● What you have to do: Within the entries below, find the portion that opens with the line containing "First things first, let's" and closes with the line containing "Hi, in this". Retype that portion exactly and only.

** Opening Data in this exercise block **

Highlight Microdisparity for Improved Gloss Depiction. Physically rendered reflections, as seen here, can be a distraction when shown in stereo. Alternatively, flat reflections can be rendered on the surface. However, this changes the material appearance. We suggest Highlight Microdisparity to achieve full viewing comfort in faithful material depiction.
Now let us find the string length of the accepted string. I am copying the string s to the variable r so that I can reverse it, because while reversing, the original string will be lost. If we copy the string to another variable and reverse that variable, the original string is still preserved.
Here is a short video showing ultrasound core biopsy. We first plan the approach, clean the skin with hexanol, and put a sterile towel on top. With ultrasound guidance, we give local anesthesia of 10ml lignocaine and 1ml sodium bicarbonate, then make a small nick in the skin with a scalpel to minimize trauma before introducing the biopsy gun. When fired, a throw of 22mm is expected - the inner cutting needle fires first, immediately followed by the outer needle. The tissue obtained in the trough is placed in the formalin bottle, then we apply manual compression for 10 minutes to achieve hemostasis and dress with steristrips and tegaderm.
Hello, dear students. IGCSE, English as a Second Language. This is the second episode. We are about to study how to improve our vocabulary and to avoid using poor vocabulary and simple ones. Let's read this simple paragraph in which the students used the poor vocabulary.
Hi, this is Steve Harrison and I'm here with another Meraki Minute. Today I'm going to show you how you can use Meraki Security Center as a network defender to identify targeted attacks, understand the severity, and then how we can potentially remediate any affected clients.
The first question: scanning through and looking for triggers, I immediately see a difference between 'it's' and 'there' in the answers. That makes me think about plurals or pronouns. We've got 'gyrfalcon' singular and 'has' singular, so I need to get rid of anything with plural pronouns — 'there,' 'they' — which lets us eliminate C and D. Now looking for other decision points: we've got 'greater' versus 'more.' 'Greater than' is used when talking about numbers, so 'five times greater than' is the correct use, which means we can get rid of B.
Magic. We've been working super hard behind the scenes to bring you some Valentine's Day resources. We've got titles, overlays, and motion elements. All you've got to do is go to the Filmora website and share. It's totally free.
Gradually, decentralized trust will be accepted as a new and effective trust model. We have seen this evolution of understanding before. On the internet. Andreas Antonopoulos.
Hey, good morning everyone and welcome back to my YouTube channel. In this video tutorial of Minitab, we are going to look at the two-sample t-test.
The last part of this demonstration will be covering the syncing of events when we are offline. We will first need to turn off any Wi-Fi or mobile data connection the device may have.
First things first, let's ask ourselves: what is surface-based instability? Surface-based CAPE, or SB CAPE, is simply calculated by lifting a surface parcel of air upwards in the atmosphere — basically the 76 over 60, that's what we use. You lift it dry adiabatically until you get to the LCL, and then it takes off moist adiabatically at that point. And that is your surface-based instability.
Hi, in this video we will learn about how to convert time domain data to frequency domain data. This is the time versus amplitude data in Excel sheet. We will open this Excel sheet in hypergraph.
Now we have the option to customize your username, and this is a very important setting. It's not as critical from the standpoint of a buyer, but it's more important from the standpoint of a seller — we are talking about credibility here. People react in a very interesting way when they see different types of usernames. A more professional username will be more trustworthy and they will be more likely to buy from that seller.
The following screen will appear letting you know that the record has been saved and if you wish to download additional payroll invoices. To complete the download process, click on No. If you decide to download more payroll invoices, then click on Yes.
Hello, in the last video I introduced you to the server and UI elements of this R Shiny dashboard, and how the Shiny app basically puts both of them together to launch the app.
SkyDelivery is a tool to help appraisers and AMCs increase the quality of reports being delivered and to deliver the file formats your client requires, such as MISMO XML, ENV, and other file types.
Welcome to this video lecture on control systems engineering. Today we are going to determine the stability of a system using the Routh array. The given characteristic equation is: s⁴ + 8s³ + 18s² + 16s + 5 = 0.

** Closing Data in this exercise block **

● Result:
First things first, let's ask ourselves: what is surface-based instability? Surface-based CAPE, or SB CAPE, is simply calculated by lifting a surface parcel of air upwards in the atmosphere — basically the 76 over 60, that's what we use. You lift it dry adiabatically until you get to the LCL, and then it takes off moist adiabatically at that point. And that is your surface-based instability.
Hi, in this video we will learn about how to convert time domain data to frequency domain data. This is the time versus amplitude data in Excel sheet. We will open this Excel sheet in hypergraph.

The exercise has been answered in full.